Fig 8. Flotation experiments revealed a difference in distribution of AQP2 in detergent-resistant membranes (DRM) from WT and knockout mouse.

Fig 8

Membranes from inner medulla from wild type (solid lines in A and B) or FXYD1 KO male mice (dashed lines in A and B) treated with either vehicle (A) or dDAVP (B) for 1 hour were solubilized with 1% Triton, 30 min, 4°C, and separated on a step sucrose gradient of 5, 30, and 40% sucrose.
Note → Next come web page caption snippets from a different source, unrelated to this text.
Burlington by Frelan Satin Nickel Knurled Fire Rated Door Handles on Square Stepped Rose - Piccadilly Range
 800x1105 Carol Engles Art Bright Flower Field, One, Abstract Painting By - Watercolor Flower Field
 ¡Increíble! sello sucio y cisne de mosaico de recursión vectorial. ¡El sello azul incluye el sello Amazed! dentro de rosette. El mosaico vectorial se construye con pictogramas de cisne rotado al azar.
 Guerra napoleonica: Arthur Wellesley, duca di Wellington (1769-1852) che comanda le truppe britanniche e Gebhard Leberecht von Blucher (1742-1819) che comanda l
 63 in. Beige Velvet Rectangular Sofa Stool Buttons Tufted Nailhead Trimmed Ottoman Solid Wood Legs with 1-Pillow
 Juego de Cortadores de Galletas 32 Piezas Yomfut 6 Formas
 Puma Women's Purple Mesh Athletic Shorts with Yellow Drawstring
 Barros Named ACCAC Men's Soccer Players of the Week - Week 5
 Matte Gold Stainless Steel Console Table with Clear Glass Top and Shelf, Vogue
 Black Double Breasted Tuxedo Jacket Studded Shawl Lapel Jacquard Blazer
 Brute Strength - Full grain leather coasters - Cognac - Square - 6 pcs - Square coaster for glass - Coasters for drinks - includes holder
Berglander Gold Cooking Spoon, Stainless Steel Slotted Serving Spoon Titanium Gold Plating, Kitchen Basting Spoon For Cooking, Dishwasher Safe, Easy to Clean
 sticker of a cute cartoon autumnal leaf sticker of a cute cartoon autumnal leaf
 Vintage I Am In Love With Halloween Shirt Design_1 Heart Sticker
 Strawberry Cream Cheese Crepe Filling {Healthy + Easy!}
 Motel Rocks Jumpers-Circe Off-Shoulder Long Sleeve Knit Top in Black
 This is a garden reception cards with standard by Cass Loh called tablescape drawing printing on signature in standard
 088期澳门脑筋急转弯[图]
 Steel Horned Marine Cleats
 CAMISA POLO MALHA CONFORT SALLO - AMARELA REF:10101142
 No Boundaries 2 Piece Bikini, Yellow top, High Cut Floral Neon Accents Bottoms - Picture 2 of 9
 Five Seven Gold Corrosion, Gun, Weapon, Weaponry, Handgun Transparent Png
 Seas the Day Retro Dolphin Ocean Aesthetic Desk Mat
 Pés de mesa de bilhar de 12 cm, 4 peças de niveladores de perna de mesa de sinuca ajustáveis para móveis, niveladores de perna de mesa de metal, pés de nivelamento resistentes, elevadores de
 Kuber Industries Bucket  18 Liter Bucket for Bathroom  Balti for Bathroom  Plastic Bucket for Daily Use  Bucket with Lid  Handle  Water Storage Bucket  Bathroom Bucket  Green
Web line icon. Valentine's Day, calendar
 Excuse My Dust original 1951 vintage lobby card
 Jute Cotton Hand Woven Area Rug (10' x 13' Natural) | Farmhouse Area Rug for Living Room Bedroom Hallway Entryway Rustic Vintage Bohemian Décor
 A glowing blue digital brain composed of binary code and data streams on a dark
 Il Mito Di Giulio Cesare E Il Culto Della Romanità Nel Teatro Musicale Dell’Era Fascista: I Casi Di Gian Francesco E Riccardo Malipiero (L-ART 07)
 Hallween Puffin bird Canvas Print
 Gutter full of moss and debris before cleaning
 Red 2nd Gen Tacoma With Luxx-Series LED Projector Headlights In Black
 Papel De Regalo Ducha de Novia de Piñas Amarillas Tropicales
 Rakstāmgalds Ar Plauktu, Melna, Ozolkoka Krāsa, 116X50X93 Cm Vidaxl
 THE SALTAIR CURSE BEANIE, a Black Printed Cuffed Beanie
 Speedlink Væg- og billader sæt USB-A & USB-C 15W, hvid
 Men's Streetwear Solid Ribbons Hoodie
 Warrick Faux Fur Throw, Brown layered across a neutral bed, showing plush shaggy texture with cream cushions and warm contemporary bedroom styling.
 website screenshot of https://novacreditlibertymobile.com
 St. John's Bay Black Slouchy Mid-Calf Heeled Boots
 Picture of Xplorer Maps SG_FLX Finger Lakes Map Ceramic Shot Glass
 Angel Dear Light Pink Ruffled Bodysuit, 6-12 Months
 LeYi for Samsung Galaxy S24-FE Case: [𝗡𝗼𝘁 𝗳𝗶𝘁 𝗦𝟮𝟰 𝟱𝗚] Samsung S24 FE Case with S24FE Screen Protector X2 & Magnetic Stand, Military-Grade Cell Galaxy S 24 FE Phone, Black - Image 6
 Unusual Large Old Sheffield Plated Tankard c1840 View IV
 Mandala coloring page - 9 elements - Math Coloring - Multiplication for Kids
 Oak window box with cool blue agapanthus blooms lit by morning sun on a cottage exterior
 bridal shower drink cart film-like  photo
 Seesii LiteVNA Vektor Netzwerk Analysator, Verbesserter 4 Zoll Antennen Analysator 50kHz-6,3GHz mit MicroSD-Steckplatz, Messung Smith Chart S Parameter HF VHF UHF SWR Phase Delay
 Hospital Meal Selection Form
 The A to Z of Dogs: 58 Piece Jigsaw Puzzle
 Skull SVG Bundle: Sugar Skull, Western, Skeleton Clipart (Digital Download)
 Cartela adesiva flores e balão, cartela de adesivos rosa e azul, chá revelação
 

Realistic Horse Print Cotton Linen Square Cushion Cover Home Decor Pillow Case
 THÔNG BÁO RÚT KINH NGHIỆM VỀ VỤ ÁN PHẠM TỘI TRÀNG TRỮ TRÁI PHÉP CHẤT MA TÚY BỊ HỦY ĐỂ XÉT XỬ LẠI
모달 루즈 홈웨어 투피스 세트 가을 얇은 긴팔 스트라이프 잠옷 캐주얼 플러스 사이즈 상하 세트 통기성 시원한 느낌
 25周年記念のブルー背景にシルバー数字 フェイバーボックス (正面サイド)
DRM float near the top of the gradient (peaks 1 and 2). The distribution of AQP2 was quantified on Western blots with a cooled-CCD imager and expressed as % of total recovered AQP2 in each fraction. The data are mean ± SEM of four experiments. (A) Under basal conditions, the DRM AQP2 fraction from vehicle-treated knockout mice peaked in peak 1, while WT DRM appeared in peak 2. Roughly half of the AQP2 was in denser membranes (peak 3). (B) Stimulation with dDAVP caused redistribution of DRM AQP2 from the KO to peak 2. (C) Vasopressin-stimulated recruitment of AQP2 from peak 3 to DRM membranes in peak 2 occurred in WT but not in KO. (**) The difference is significant by Student’s t-test, P < 0.005, n = 4.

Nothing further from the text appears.